To claim relief an authorisation is required. Application can be made at the time of entry for an authorisation by declaration using the appropriate CPC in the ‘53’ series on a full customs import declaration, this constitutes an application for relief under TA and a formal declaration, that the conditions for the relief claimed are met and will be observed. Prior written application for full authorisation can also be made using form SP5.
If relief has been granted but the goods are subsequently released to home use instead of being re-exported, a diversion entry declaration must be made and any charges paid.
Details of the goods and uses for which relief may be available, the qualifying conditions and the various CPCs are in Notice 3001. The CPCs in the ‘53’ series are listed in the Imports: summary of temporary admission relief customs procedure codes guide in the UK Trade Tariff: customs procedure codes section of the Trade Tariff.

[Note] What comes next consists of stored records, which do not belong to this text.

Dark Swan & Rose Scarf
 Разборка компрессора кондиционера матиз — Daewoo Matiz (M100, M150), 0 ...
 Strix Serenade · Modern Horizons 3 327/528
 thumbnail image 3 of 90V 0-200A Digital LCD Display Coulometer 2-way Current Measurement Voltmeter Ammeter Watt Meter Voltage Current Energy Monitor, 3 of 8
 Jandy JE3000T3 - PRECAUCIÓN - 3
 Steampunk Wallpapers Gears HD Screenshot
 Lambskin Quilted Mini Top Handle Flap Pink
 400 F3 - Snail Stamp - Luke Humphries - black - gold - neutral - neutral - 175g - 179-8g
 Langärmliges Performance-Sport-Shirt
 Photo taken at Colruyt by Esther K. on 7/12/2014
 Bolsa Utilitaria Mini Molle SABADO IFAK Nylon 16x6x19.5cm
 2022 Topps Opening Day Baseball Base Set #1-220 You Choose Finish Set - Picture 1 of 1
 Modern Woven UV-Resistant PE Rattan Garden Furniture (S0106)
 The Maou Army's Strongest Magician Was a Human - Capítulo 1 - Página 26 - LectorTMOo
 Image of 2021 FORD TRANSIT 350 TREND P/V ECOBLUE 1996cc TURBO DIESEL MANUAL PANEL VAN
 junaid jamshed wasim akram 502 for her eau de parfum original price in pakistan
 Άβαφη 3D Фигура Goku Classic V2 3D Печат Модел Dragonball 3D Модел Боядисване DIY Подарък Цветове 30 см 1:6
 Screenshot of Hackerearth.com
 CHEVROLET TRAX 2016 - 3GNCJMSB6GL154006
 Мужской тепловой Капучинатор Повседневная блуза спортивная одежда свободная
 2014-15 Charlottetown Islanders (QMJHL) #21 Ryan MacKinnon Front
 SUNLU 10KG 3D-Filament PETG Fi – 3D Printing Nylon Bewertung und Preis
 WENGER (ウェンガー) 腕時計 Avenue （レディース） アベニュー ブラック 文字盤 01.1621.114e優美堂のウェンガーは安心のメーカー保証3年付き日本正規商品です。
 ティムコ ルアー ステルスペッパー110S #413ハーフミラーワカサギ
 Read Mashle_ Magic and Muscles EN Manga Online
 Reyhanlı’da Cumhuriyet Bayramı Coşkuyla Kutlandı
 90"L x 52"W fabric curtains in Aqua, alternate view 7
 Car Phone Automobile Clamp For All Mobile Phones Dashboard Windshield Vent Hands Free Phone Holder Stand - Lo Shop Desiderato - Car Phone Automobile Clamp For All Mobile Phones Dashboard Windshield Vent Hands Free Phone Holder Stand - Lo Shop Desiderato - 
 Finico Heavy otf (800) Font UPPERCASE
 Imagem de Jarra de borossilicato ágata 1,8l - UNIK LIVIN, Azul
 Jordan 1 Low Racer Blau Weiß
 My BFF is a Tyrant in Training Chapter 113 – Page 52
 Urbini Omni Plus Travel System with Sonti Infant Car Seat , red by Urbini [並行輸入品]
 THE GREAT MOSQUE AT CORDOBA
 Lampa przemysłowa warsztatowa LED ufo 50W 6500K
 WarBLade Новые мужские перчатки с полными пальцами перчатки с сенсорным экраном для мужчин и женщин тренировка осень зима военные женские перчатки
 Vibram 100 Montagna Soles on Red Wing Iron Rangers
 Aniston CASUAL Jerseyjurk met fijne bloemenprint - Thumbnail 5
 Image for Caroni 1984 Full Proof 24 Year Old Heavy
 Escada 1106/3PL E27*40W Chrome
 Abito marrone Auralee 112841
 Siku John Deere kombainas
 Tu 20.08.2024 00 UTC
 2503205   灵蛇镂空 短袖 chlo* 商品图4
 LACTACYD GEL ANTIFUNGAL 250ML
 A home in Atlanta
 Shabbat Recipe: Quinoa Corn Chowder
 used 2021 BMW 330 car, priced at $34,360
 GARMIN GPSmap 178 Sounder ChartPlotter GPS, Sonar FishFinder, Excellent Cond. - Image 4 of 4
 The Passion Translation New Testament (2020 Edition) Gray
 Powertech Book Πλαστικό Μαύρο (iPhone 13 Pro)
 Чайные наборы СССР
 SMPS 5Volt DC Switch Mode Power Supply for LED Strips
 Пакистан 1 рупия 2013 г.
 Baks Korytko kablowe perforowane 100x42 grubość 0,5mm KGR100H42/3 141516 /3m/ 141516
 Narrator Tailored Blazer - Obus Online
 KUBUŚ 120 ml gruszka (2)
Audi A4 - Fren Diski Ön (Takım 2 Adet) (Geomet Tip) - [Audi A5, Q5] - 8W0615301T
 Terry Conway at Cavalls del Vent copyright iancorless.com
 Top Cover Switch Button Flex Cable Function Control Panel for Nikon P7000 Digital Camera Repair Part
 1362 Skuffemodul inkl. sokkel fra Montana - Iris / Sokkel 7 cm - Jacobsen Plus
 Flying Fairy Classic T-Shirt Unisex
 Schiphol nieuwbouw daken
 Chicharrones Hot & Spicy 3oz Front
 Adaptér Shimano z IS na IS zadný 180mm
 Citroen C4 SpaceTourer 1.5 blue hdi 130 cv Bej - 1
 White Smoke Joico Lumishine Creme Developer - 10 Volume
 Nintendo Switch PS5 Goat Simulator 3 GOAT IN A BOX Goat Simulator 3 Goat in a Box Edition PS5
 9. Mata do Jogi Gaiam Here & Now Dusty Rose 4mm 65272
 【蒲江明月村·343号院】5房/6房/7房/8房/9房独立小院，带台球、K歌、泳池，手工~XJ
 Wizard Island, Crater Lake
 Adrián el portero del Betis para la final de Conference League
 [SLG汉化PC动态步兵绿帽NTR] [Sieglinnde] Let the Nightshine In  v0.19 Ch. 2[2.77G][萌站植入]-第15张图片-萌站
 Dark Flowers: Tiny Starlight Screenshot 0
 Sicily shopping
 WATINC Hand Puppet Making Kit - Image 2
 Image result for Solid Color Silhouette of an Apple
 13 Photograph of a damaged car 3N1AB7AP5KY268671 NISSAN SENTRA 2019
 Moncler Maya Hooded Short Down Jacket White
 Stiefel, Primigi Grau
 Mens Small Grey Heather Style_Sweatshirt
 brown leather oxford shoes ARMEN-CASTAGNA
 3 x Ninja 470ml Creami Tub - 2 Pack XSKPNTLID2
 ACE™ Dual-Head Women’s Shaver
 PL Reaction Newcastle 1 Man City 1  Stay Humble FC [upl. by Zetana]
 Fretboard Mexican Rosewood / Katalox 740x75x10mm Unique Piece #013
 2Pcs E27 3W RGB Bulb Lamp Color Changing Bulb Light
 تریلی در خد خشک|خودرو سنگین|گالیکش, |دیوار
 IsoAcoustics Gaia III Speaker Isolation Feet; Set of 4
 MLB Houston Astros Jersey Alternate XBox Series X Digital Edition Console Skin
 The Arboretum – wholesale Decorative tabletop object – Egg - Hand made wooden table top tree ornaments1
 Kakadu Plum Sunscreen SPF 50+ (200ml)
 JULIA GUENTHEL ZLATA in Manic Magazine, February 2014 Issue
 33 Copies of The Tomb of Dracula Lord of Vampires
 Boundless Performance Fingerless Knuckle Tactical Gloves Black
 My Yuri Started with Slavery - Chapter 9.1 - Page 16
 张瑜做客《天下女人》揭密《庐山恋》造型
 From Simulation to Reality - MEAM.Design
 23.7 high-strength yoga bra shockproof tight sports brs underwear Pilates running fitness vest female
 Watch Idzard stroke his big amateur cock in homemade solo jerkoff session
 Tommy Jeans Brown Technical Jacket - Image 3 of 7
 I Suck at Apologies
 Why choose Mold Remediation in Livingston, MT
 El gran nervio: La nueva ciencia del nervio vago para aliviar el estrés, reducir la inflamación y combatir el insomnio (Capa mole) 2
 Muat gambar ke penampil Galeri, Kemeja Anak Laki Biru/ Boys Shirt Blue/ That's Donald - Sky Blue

Goods to be re-exported after processing
Goods may be imported for processing (for example, for use in manufacture in the UK) with relief from customs duties or agricultural levies and eventually re-exported to a non-EU country. The procedure (which is governed by Council regulation 950/2013) is known as Inward Processing (IP).
IP duty suspension means duty or levy is not paid at the time of import on goods incorporated in products re-exported but is payable if goods are placed to the home market in the UK. Deferment may be used as a method of payment.
Importers using IPR must be authorised.
Further information about these reliefs can be found in Notice 3001.
5.4 Re-importations
Goods may be reimported into the UK, after processing outside the EU, with total or partial relief from duty if they were originally exported under Outward Processing Relief (OPR) arrangements, and the conditions of that procedure have been met. The rules governing OPR are contained in EEC Council Regulation 950/2013.
For the simplified procedure, official evidence of the original exportation, obtained from customs at the time of export, must be presented with the import declaration. The relief is also available for goods which were originally exported from another member state if documentary evidence issued by customs in that member state is presented with the import declaration.
The relief is confined to that proportion of the imported goods which was originally exported.
More information about OPR can be found in Notice 3001.
For reimported goods which have not been processed outside the EU, Returned Goods Relief (RGR) exists.
Under this procedure, goods exported from the EU may be wholly or partially relieved from import duty (which includes anti-dumping duties and agricultural levies) when they are returned providing this occurs within 3 years of their exportation.
VAT relief is available to registered and unregistered traders reimporting goods in the same state in which they were last exported, subject to the conditions of Notice 702, paragraph 5.4. There are also special arrangements for reimported works of art. More details about these arrangements can be found in Notice 718.
Full details of the conditions for claiming RGR can be found in Notice 236.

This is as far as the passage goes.